Here's the pic he sent. Cary...Do me a favor and tell Buckley I said he sure did put a lot of shot in the breast meat and I wouldn't shoot that choke and ammo combo because of it! LOL!!!!


----------



## bigbulls (Mar 12, 2008)

> It thought he said it was the blend he shot it with.


Hey dorkfish, it's right there in your picture on the yellow sticky note... :whistling:



> Do me a favor and tell Buckley I said he sure did put a lot of shot in the breast meat and I wouldn't shoot that choke and ammo combo because of it! LOL!!!!

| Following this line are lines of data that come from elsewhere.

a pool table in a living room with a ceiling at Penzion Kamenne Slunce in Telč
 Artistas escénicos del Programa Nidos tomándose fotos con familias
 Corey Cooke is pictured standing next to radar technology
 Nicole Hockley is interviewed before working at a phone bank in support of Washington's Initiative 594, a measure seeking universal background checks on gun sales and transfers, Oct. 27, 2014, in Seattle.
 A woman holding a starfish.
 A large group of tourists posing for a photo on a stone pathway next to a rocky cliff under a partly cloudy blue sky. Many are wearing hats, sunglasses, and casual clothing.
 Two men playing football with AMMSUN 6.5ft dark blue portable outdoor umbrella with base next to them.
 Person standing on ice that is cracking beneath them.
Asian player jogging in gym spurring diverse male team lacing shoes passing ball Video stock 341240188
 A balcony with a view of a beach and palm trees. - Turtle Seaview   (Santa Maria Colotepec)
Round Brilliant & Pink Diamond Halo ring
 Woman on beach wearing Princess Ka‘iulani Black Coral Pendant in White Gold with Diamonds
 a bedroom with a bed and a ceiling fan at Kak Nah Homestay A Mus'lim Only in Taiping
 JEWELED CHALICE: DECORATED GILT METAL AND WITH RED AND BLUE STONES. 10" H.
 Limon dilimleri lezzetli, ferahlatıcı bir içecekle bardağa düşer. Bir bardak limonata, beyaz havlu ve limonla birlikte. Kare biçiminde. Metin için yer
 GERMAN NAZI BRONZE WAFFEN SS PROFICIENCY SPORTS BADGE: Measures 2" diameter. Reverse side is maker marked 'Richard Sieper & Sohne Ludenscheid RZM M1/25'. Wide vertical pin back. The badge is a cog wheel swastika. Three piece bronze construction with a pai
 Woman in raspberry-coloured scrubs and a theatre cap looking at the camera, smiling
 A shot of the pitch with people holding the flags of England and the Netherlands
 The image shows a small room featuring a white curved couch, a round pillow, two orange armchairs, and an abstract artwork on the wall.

You know you can only expect so much with him behind the trigger. Ha ha!!!


----------



## Grassflatsfisher (Oct 3, 2007)

bigbulls said:


> Hey dorkfish, it's right there in your picture on the yellow sticky note... :whistling:


Ok...tinybulls! I saw the sticky not but it was kind of hard to read on my Droid when I posted it. 

I'll try and stop in one day at lunch in the near future. I've been swamped at work for the last 3 or 4 months solid. Need to look at some choke tubes for this new gun.


----------



## bigbulls (Mar 12, 2008)

> Ok...tinybulls!


No need to bring your personal life into a hunting thread Rob. :whistling:


----------